Rzeczniczka ORA w Warszawie, adw. Maria Sankowska-Borman, poinformowała portal Niezalezna.pl, że każdy obywatel ma prawo złożyć zawiadomienie o podejrzeniu popełnienia deliktu dyscyplinarnego przez adwokata. Dopiero wtedy Rzecznik Dyscyplinarny może wszcząć stosowne postępowanie.

– „Wskazane zasady dotyczące zachowania adwokatów opisane w Kodeksie Etyki Adwokackiej i ich ewentualne naruszenia są interpretowane w odniesieniu do konkretnych stanów faktycznych w trakcie toczących się postępowań. Każdy ma możliwość złożenia zawiadomienia” – zaznaczyła Sankowska-Borman.

W 2025 roku Roman Giertych wielokrotnie publicznie atakował Sąd Najwyższy, Państwową Komisję Wyborczą i członków komisji obwodowych. W jego wypowiedziach pojawiały się oskarżenia o "kradzież protestów" przez „neosędziów”, zarzuty nielegalnego przejęcia komisji przez „braci kamratów” oraz twierdzenia, że PKW „nie wie, kto wygrał wybory”. W opinii wielu prawników mogą one naruszać §10 i §11 Kodeksu Etyki Adwokackiej, który wymaga od adwokata zachowania godności zawodu oraz zakazuje świadomego podawania nieprawdziwych informacji.
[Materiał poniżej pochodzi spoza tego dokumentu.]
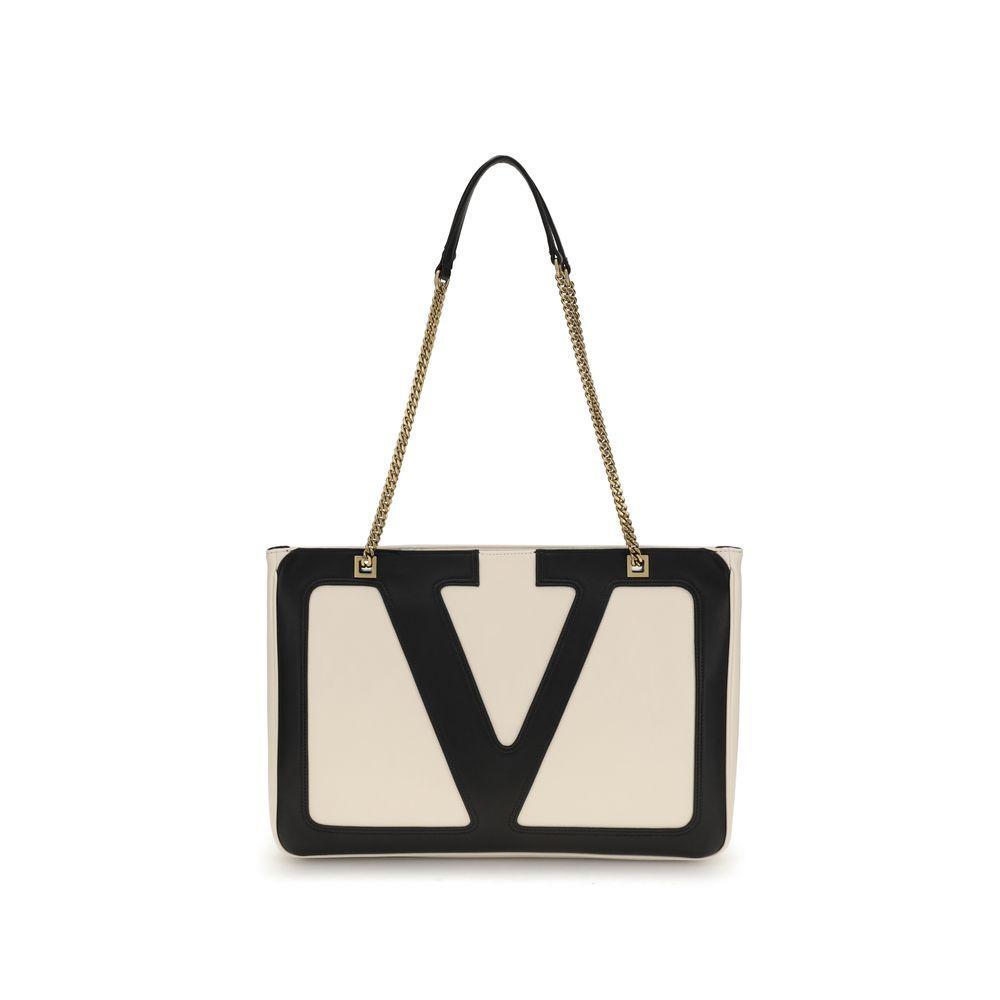 Front view with bag zipped and handles upright.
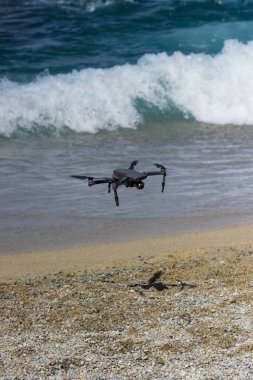 RC uzaktan kumandalı İHA deniz dalgalarının yakınındaki sahile iniyor. Taşınabilir helikopter aygıtı yaz tatilinde..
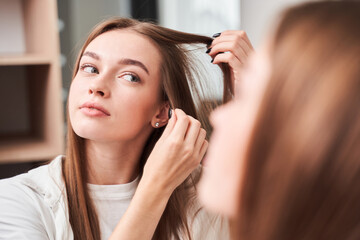 Woman looking at her reflection at the mirror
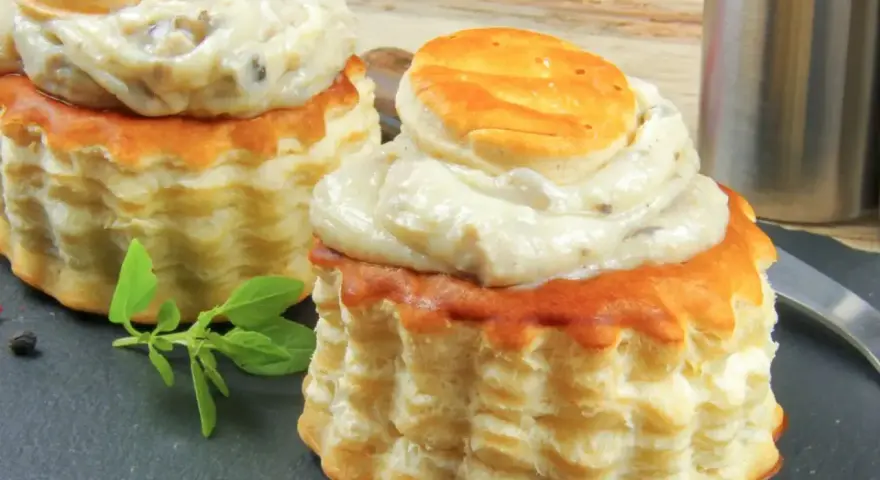 Deux bouchées à la reine garnies d'une sauce crémeuse aux champignons. La différence vol au vent et bouchée à la reine est subtile, mais ces délices sont irrésistibles.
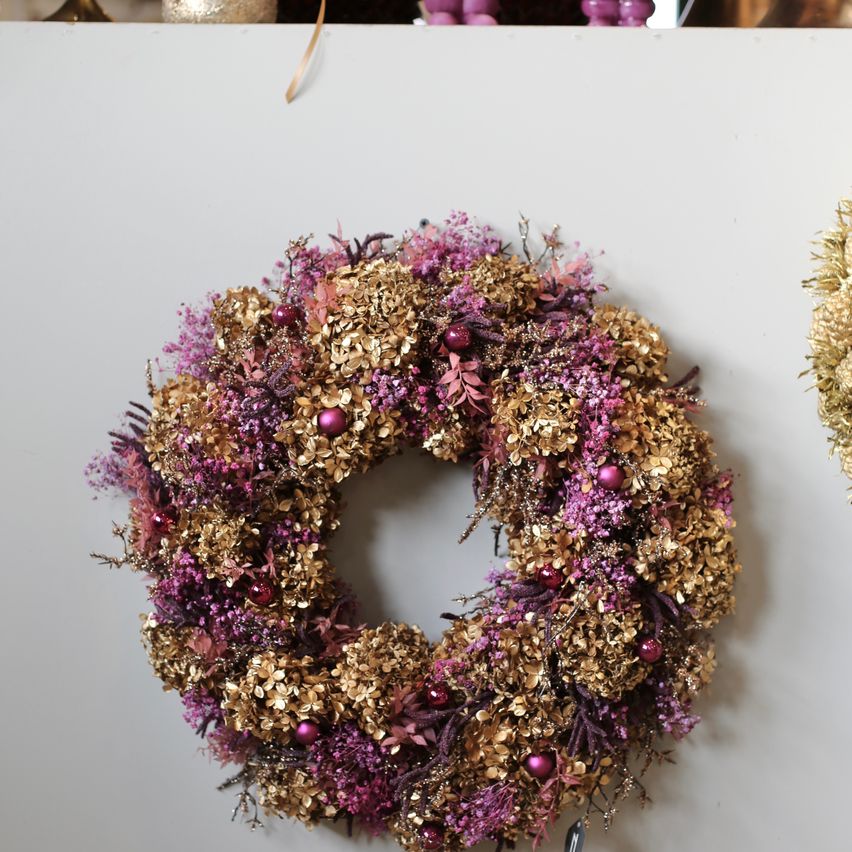 Ein dekorativer Kranz mit goldenen und lila Blumen und roten Ornamenten hängt an einer weißen Wand.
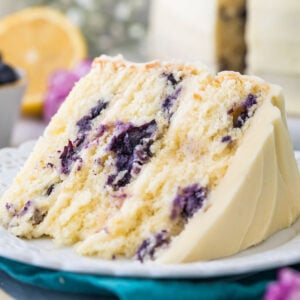 close-up view of a thick slice of lemon blueberry cake frosted with lemon frosting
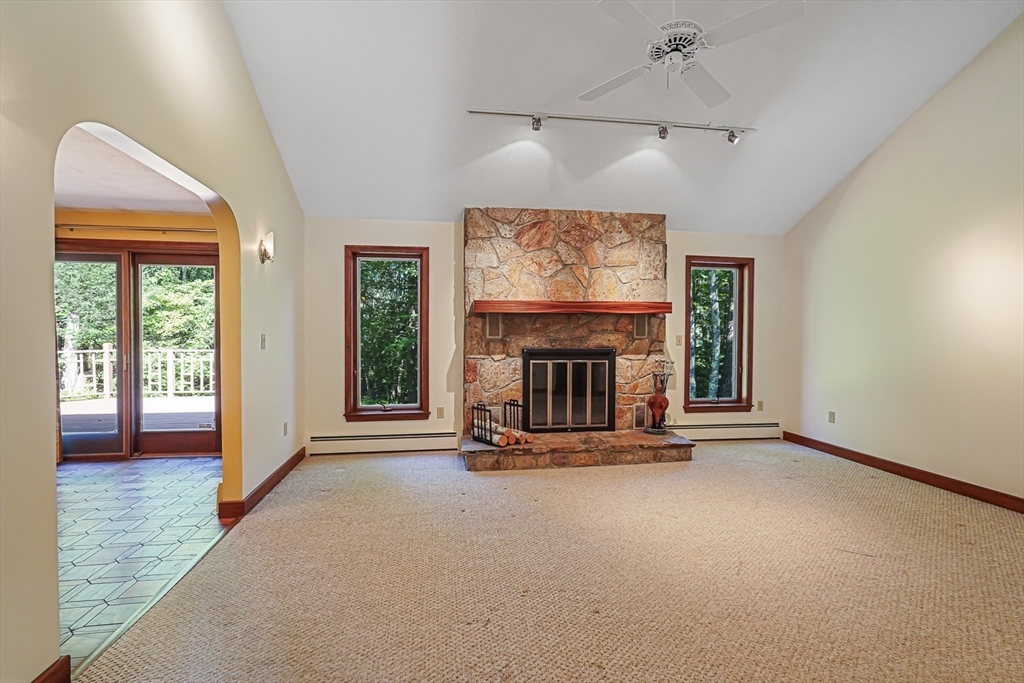 165 Barre Paxton Road Rutland, MA 01543 - Photo 7 of 42 an empty room with fireplace and windows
Tymczasem Okręgowa Rada Adwokacka nie podejmuje żadnych decyzji w sprawie Giertycha. – „ORA nie ma kompetencji do wszczynania postępowań dyscyplinarnych. Zajmuje się tym wyłącznie Rzecznik Dyscyplinarny” – podkreśliła rzeczniczka.

Pytana o sposób, w jaki Rzecznik interpretuje obecne zachowanie Giertycha w kontekście norm etycznych, rzecznik ORA nie udzieliła odpowiedzi.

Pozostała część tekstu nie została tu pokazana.